*** Opening Given records ***

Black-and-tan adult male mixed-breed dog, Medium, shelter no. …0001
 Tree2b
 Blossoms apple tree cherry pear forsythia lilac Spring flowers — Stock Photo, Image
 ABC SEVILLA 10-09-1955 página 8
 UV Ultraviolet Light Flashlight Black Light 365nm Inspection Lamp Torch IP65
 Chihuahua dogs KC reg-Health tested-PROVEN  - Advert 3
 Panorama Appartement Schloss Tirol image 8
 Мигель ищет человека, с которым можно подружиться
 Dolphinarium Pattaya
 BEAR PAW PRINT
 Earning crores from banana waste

*** Closing Given records ***

» Exercise goal
An answer is complete only when it holds every line above containing the string "Black".

» Solution to this task
Black-and-tan adult male mixed-breed dog, Medium, shelter no. …0001
 UV Ultraviolet Light Flashlight Black Light 365nm Inspection Lamp Torch IP65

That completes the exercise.